At the same time, rural areas that have not been urbanized are facing increasingly serious social problems such as aging, population loss, and development stagnation. As a result, most of the residents in rural areas are low-quality elderly people who have lost their labor force, and their income levels are naturally far from comparable to those in urban areas. Therefore, with the continuous increase of the elderly population and the continuous decrease of the labor force, the middle-income group in rural areas has decreased significantly, and the gap with urban areas has been continuously expanding.
Conclusions
This study employed the quantile regression method at the 0.05, 0.20, 0.50, 0.80, and 0.95 quantiles to analyze the influencing factors of low-income, middle-income, and high-income earners at the national, urban, and rural levels in China, respectively.
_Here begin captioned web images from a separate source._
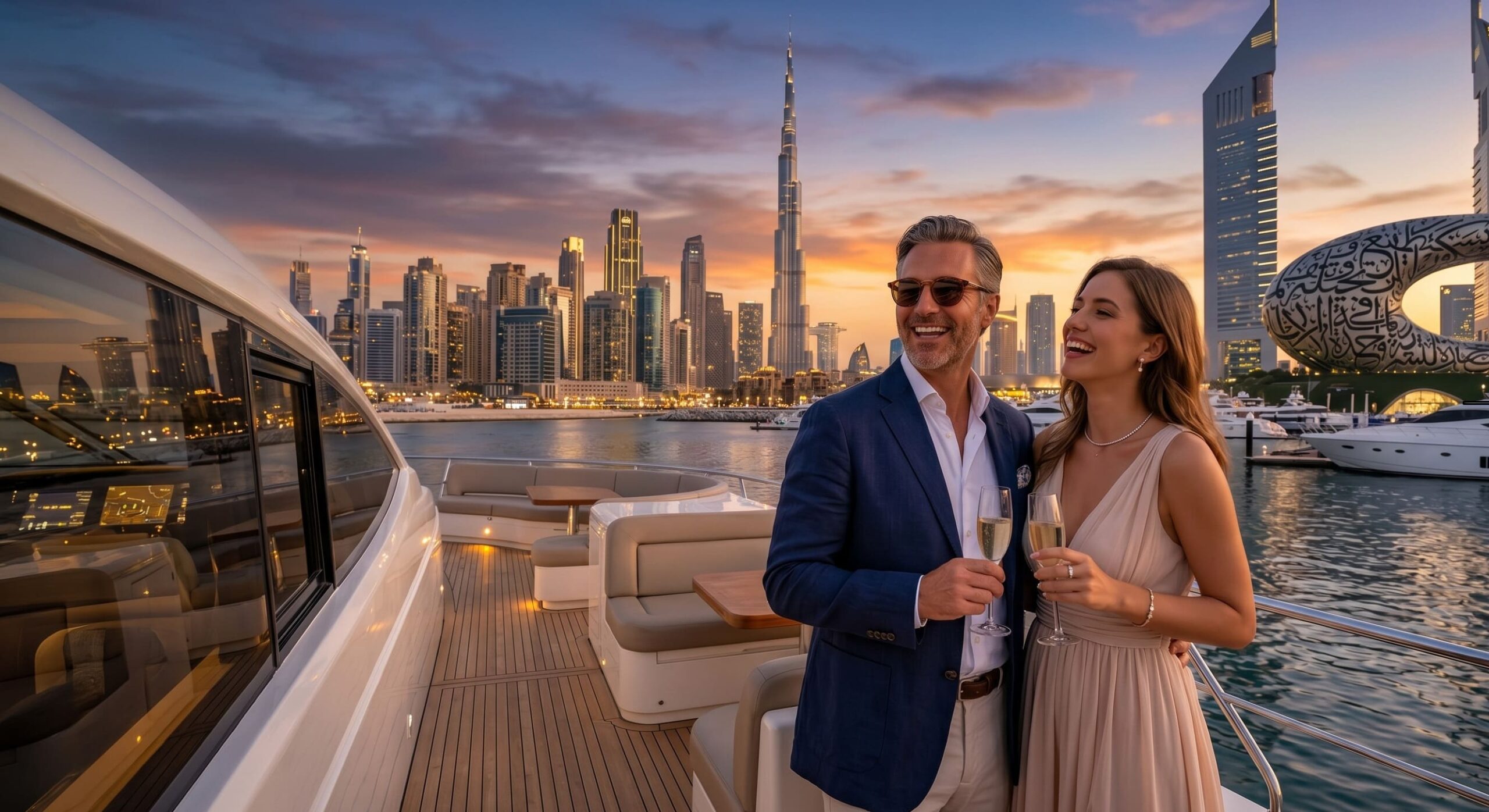 Um casal sorridente em pé em um iate de luxo no porto de Dubai ao pôr do sol, com a icônica linha do horizonte da cidade, incluindo o Burj Khalifa e o Museu do Futuro, em segundo plano.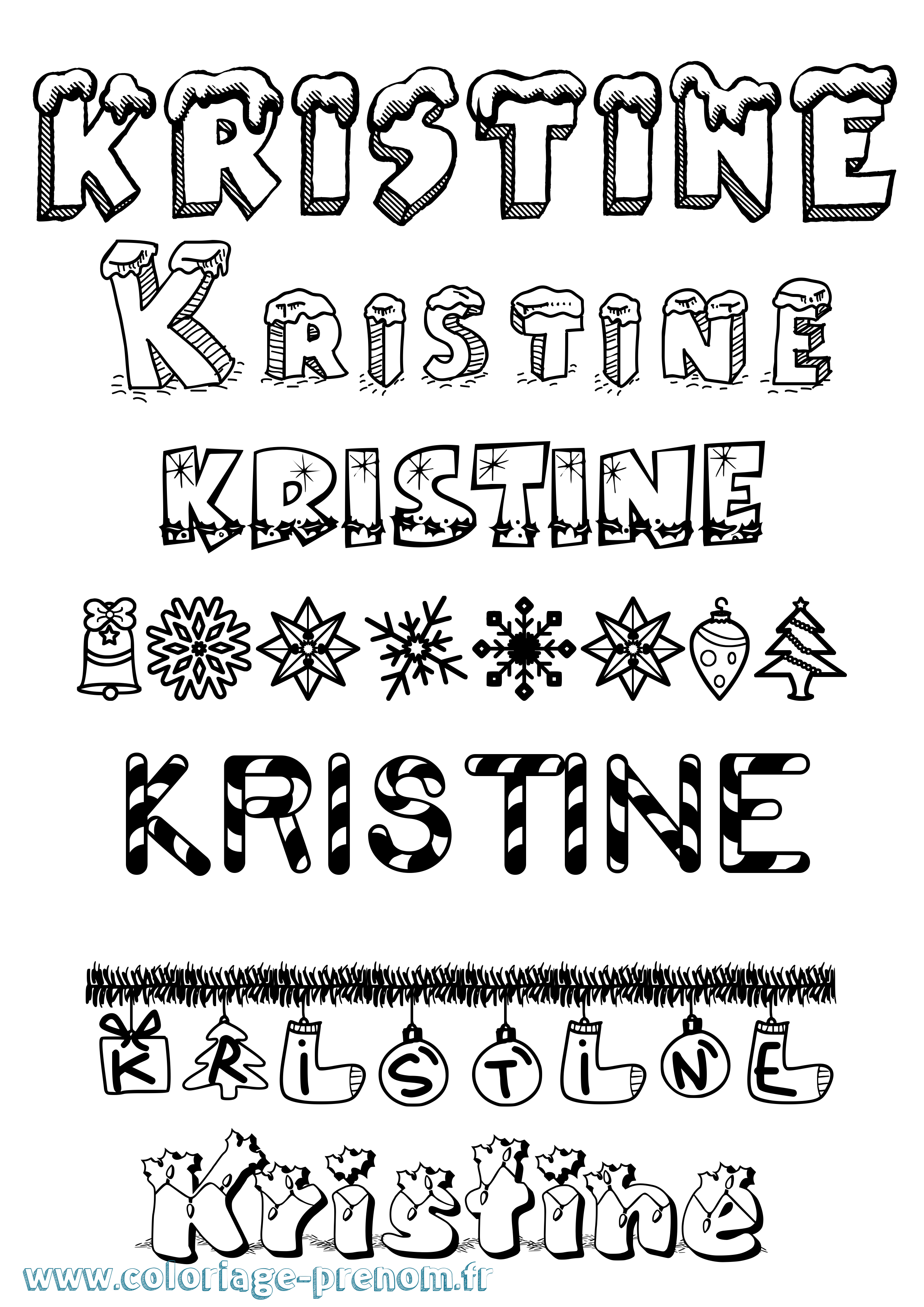 Coloriage Kristine Noël Coloriage prénom Kristine Noël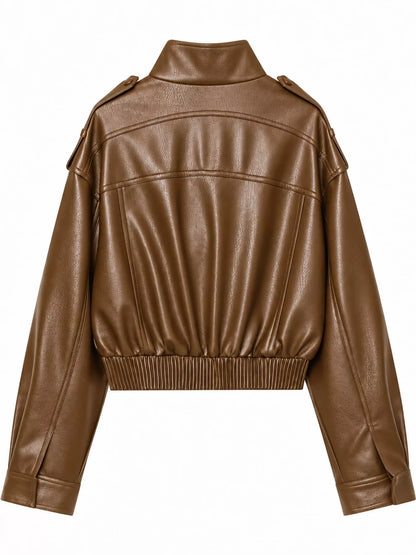 Faux Leather Cropped Bomber Jacket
It was found that the variables significantly affecting the income of the middle-income group vary across the national, urban, and rural levels. At the national level, four variables, namely region, urban–rural status, gender, and educational attainment, are the most crucial factors influencing the middle-income group. In urban areas, the four key factors are region, gender, educational attainment, and happiness level. For rural areas, the four significant factors are region, gender, educational attainment, and health status. Evidently, the three variables of region, gender, and educational attainment have a significant impact regardless of the level. Subsequently, the GM(1,1) model in the gray system was utilized to predict the proportion of the middle-income group in China in the future. By comparing the prediction results from 2010 to 2017 with the data on the proportion of the middle-income group at the national, urban, and rural levels obtained through kernel density estimation, it was found that the gray-system prediction has high accuracy and good results. Therefore, the proportions of the middle-income group in China predicted by this method for 2018, 2019, and 2020 are reliable. By observing the changing trend of this proportion, it was found that the proportion of the middle-income group in China will continue to decline in the next three periods.
The enlightenment of this study for future social development may lie in providing a certain degree of data reference for social governors, enabling the consideration of social fairness while promoting economic development and making the income structure more rational. Due to limited data and the issue of timeliness, this study has certain limitations. In the future, attempts will be made to apply big-data technology for improvement.
Footnotes
Funding
The authors disclosed receipt of the following financial support for the research, authorship, and/or publication of this article: This work was supported by the Research Initiation Project of Wenzhou Polytechnic, National Natural Science Foundation of China (grant number RC202307, 52165061).
Conflicting interests
The authors declared no potential conflicts of interest with respect to the research, authorship, and/or publication of this article.